(Task input begins)

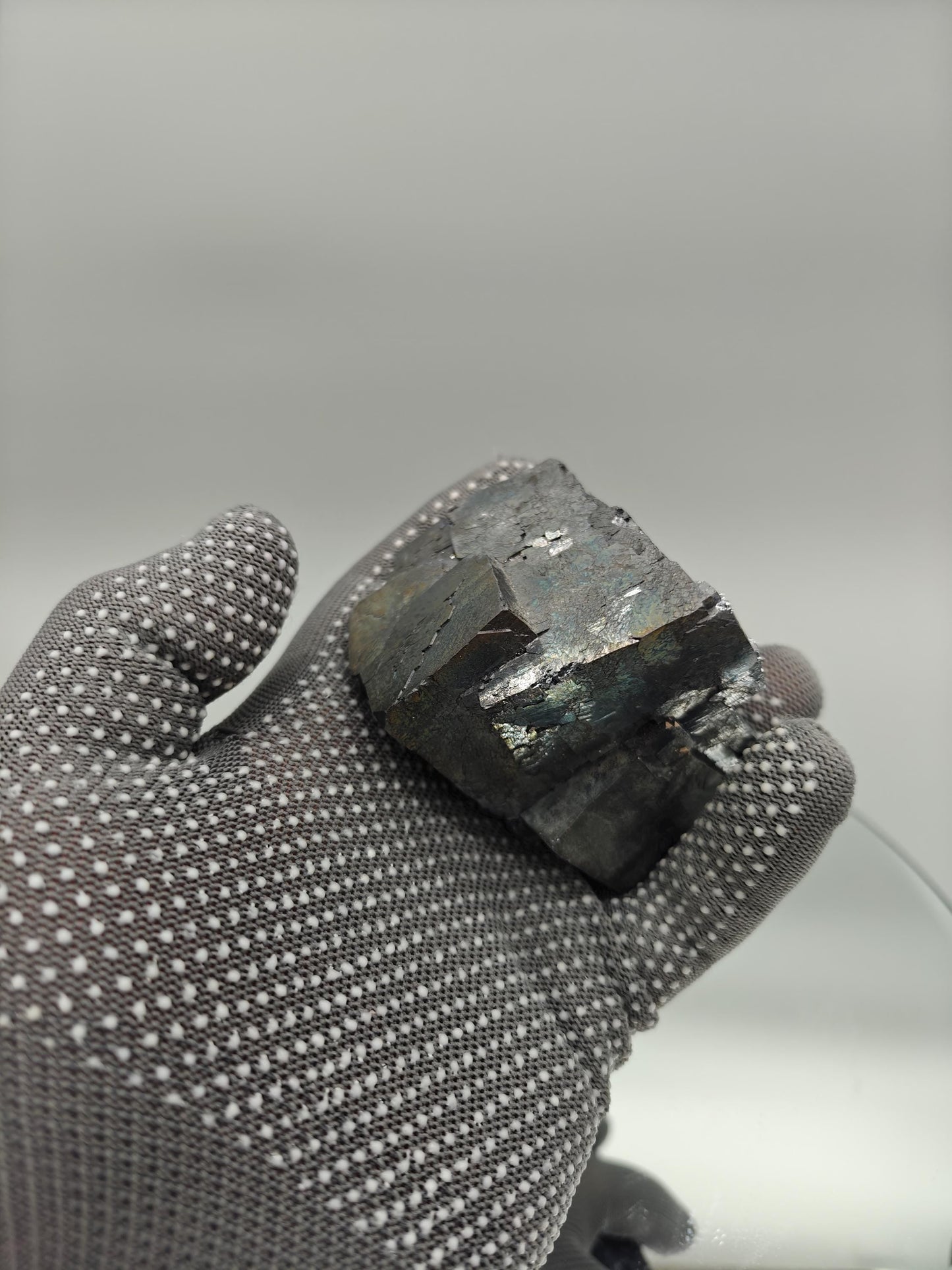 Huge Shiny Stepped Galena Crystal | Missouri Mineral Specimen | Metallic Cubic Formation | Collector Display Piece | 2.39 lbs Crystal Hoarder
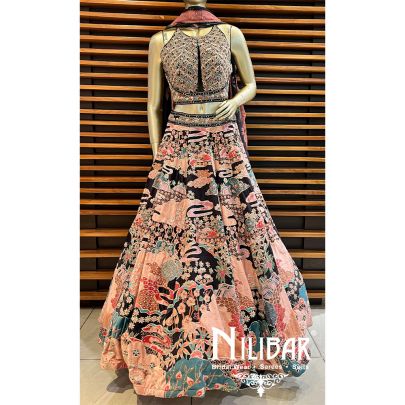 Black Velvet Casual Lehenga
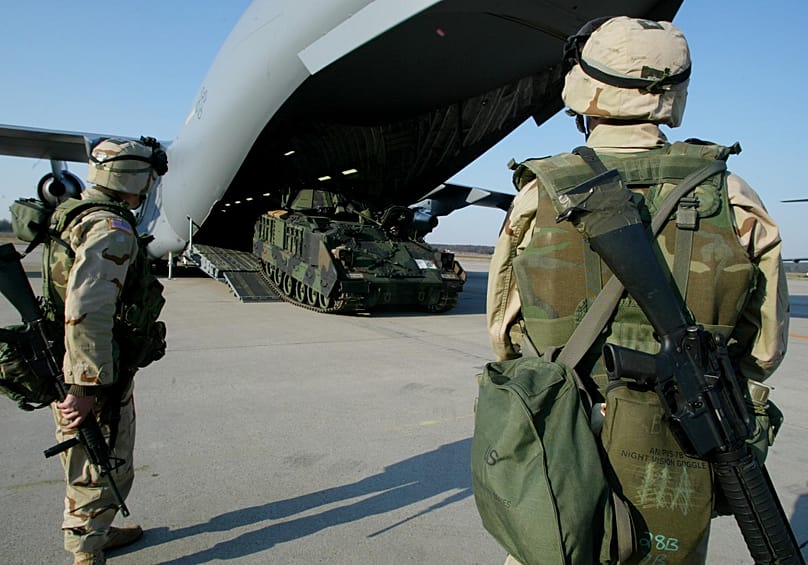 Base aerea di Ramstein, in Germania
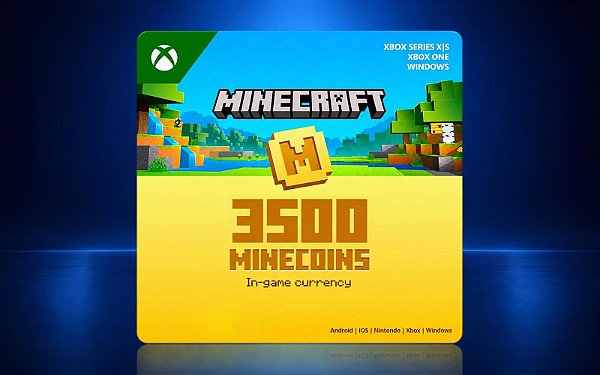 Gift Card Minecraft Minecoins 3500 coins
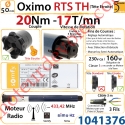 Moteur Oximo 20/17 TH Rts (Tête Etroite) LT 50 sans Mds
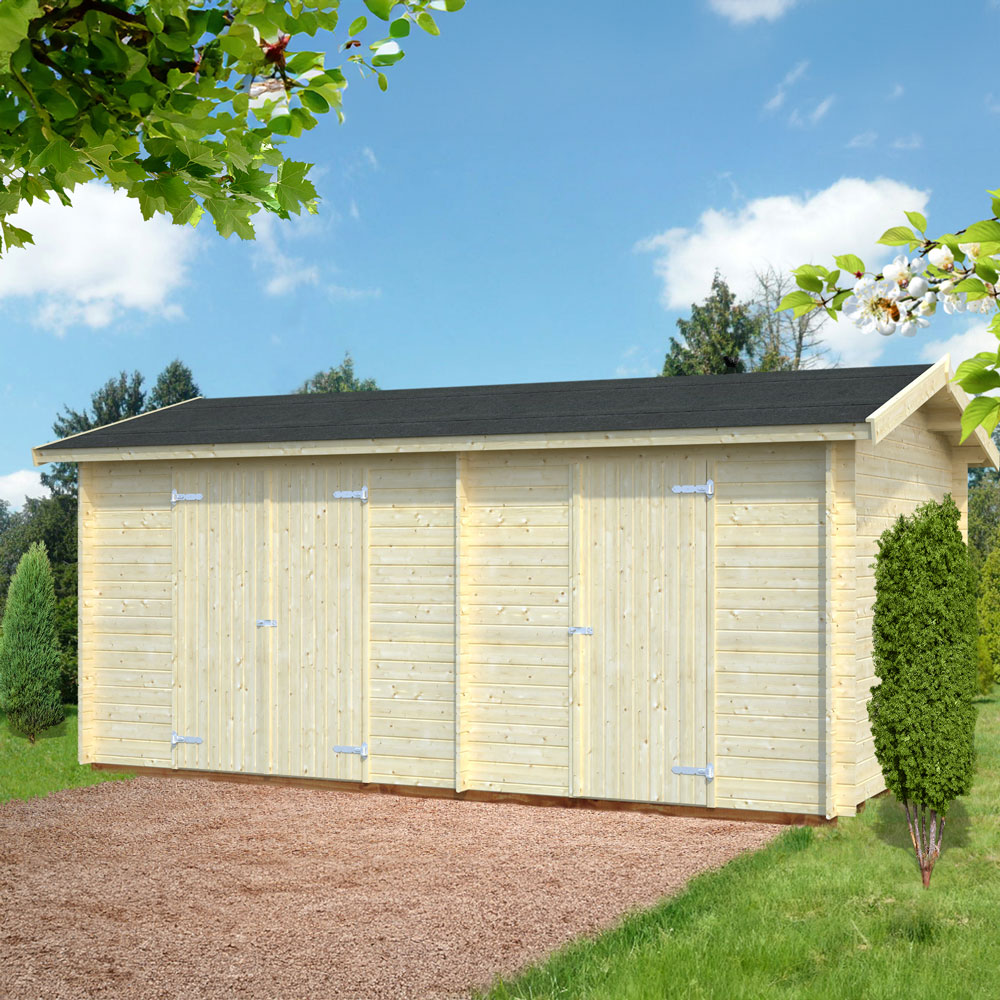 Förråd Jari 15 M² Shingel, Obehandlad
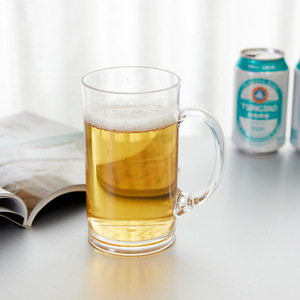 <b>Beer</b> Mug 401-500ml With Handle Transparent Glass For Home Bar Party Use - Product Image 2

(Task input ends)
(Task input begins)

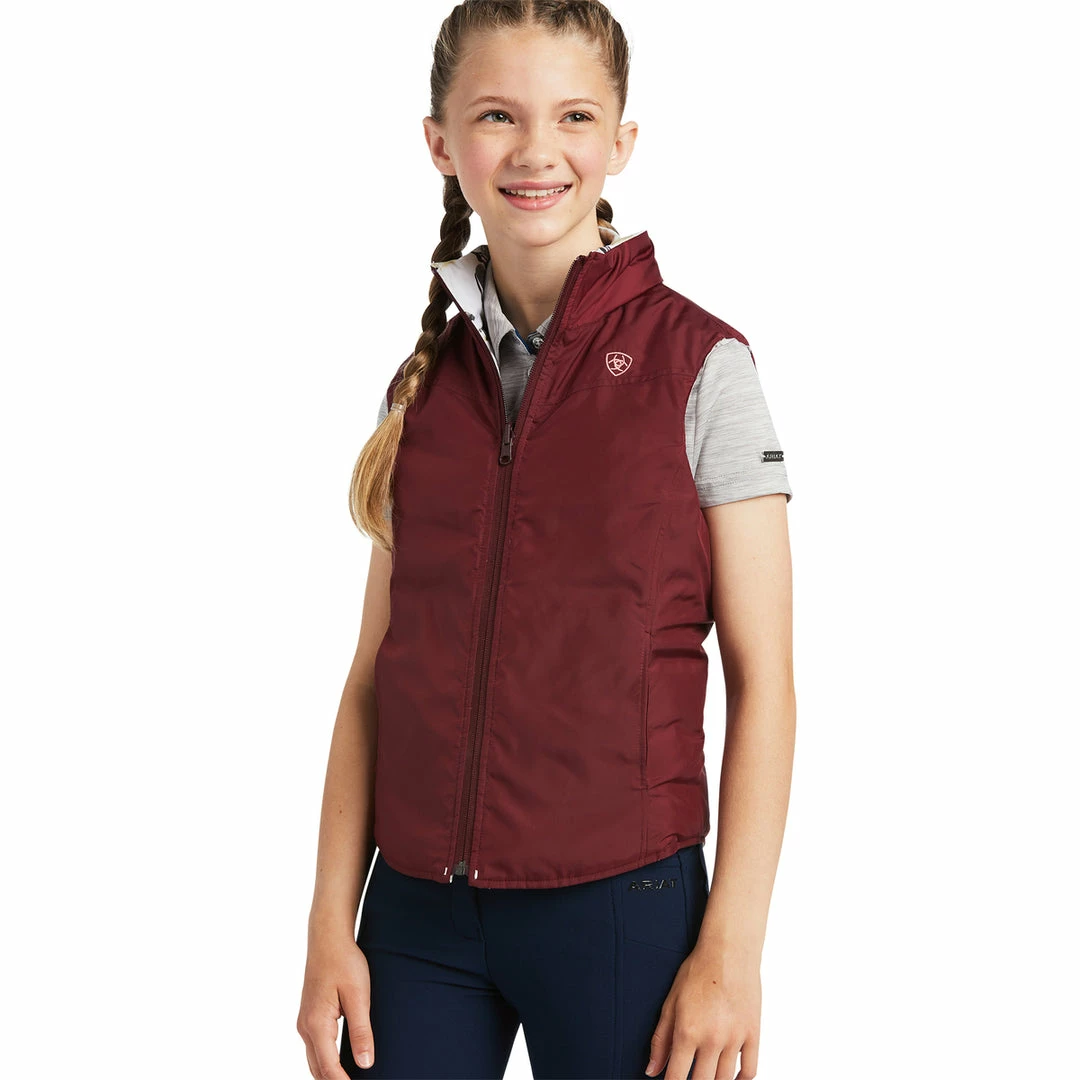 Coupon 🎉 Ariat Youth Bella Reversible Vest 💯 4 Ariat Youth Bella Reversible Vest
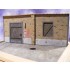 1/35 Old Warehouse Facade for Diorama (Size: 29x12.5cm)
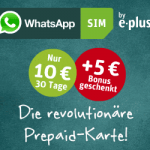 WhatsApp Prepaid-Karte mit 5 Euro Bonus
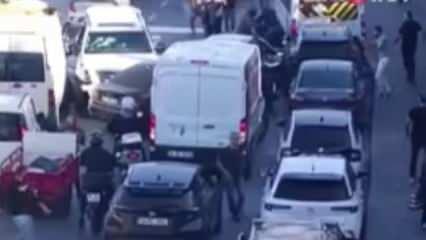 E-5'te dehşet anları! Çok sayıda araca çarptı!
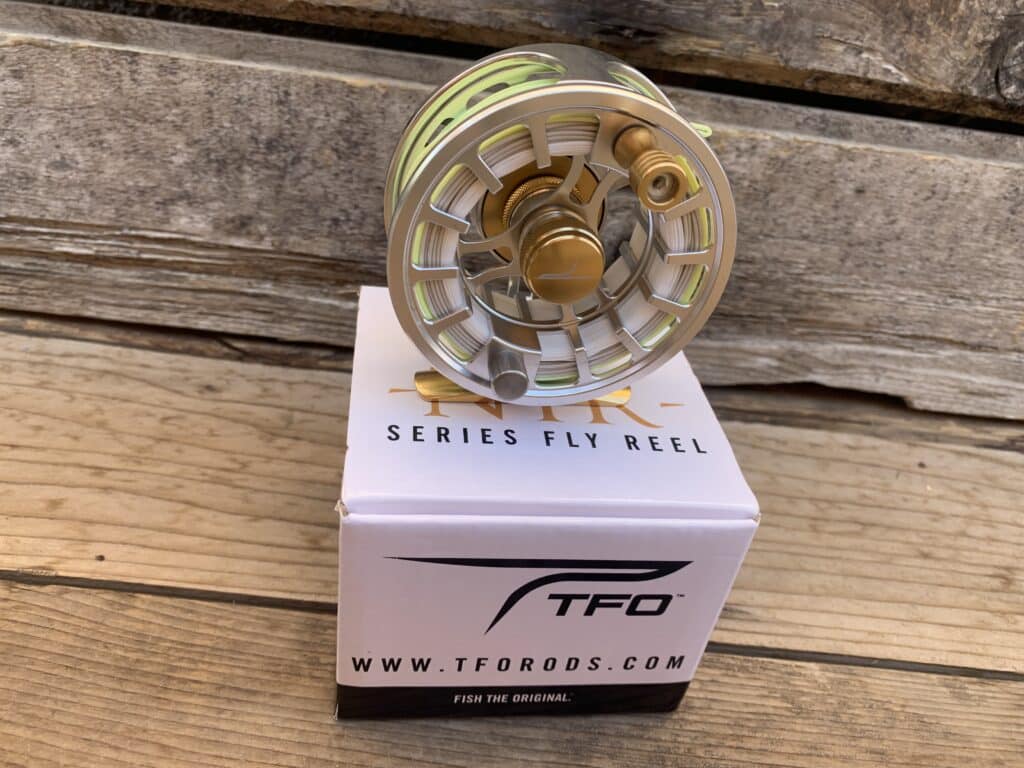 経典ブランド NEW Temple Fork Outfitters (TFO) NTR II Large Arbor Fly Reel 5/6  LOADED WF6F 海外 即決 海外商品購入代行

(Task input ends)

Instructions for the task: Exact copy, pictures excluded: from the line with "Huge Shiny Stepped" up to and including the line with "Gift Card Minecraft Minecoins 3500 coins" in the data above.

Solution:
 Huge Shiny Stepped Galena Crystal | Missouri Mineral Specimen | Metallic Cubic Formation | Collector Display Piece | 2.39 lbs Crystal Hoarder
 Black Velvet Casual Lehenga
 Base aerea di Ramstein, in Germania
 Gift Card Minecraft Minecoins 3500 coins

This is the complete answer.